■ **DATA SUPPLIED**:

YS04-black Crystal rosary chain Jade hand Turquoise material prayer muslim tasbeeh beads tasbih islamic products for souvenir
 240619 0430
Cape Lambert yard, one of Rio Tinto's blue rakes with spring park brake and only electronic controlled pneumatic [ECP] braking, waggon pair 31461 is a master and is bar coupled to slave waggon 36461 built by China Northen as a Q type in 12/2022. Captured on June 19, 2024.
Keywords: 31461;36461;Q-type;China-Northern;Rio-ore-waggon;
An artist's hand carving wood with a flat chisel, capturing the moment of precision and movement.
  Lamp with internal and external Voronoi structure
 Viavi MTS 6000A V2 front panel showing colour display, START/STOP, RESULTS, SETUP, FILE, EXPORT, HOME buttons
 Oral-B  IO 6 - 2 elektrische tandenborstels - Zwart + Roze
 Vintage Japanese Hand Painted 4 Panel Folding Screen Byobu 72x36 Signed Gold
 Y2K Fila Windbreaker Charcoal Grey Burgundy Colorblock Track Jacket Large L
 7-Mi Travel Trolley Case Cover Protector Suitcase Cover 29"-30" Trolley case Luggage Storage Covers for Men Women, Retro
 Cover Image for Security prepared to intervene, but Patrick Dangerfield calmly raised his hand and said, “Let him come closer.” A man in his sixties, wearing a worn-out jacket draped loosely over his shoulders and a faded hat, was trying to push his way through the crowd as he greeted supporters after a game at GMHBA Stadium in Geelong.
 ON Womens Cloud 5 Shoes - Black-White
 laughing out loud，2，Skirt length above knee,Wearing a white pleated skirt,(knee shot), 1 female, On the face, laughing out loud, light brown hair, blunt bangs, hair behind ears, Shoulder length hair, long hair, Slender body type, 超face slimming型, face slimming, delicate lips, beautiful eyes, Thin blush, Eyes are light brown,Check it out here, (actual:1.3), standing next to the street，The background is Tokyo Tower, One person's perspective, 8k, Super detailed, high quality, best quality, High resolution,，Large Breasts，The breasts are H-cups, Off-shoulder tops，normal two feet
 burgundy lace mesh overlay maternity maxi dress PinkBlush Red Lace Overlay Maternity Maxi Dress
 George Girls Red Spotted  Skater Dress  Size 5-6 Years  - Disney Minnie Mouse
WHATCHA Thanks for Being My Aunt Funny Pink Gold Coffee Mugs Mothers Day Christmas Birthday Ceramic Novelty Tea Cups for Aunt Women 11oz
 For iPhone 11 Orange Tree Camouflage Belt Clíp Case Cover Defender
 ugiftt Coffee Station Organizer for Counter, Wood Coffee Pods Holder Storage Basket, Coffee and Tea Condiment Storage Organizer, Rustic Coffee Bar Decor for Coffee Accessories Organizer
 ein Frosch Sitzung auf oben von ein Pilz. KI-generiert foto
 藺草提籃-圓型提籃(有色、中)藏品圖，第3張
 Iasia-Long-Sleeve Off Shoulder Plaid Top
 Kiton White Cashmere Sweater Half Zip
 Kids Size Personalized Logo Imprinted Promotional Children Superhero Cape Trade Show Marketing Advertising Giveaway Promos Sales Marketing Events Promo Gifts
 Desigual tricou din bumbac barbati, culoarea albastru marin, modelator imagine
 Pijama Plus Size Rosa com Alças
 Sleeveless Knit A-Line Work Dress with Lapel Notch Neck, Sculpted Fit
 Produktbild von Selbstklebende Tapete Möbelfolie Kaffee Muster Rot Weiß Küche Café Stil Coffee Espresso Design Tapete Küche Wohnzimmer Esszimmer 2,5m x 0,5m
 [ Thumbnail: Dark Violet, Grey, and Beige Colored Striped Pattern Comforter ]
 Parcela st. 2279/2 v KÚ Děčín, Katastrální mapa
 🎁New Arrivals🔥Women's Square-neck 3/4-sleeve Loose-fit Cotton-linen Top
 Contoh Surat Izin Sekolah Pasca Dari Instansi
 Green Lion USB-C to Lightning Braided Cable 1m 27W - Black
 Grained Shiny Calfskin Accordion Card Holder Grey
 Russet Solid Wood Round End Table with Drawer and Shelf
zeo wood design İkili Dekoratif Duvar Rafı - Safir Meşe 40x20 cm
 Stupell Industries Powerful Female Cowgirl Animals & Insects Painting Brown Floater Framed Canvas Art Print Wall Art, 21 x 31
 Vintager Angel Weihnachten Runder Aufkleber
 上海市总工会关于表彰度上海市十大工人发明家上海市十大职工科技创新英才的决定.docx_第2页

■ **TASK GOAL**: Above are the records. Copy the lines beginning at the one that has "240619 0430" and ending with the one that has "Lamp with internal", unchanged.

■ **EXERCISE RESULT**:
 240619 0430
Cape Lambert yard, one of Rio Tinto's blue rakes with spring park brake and only electronic controlled pneumatic [ECP] braking, waggon pair 31461 is a master and is bar coupled to slave waggon 36461 built by China Northen as a Q type in 12/2022. Captured on June 19, 2024.
Keywords: 31461;36461;Q-type;China-Northern;Rio-ore-waggon;
An artist's hand carving wood with a flat chisel, capturing the moment of precision and movement.
  Lamp with internal and external Voronoi structure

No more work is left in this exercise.